By Jeff Squires on September 7, 2006

It was only a matter of time, but the ship has sailed.  Maybe all the Murdoch media pushed it over the edge, but regardless, MySpace is old news.  Well, maybe not old news, but it’s certainly lost its edge.  When you receive more friend requests from companies and bands you’ve never heard of than actual friends, you know its over.   

Anyone and everyone looking to capture the youth demographic have put together a MySpace profile, and yes, PSFK is officially on the bandwagon too.   However, there is a fine line between companies who are exploiting the “friendships" of MySpace and those  who are engaging in a dialog with their audience and offering some type of reciprocation for their consumers loyalty – be it information or entertainment.

MySpace’s hay-day might be over, because we’ve been noticing a surge in generic profiles circulating with no artistic, entertaining, or interactive elements whatsoever.  It was almost assumed that the porn industry would get involved early on, but when the cheap pharmaceuticals, the refinance your mortgage, and the work-from-home schemes all entered MySpace, the fat lady started screaming.

When companies make profiles on MySpace, it’s only cool if they conform to the “local language.”  They need to play by the same socially accepted rules as normal people.  Friends don’t meticulously track down anyone and everyone within their network to show them some crap.
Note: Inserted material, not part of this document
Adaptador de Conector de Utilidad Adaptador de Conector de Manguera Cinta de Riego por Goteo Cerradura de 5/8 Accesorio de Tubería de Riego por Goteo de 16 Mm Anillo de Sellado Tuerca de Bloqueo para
There needs to be an exchange between parties, where both parties feel mutually benefited.  When that rule is broken, it becomes spam, and no one likes spam (except Hawaii).

The beauty of MySpace was it’s level playing field.  There were fairly limited options to what someone could do their profile, and it was fun to see how people manipulated theirs through clever word play and what not.  While most people were probably happy to see the colorful manipulations that basic html coding brought to the monotonous world of MySpace, it opened the doors for companies who can afford to pay graphic designers to trick out their profile and spend countless hours promoting it.    

The ability to reach kids in their own world through their own medium is priceless, but it only works if companies continue to play by the existing rules. The marketability of MySpace may be the reason everyone’s talking now, but the marketability of MySpace may also be the reason people abandon it.

It was the kids who first made it a success. The kids will always be one step ahead and it’s only a matter of time until they flee the corporate meat market that is MySpace and find a new social networking site that’s off the radar – for now that is.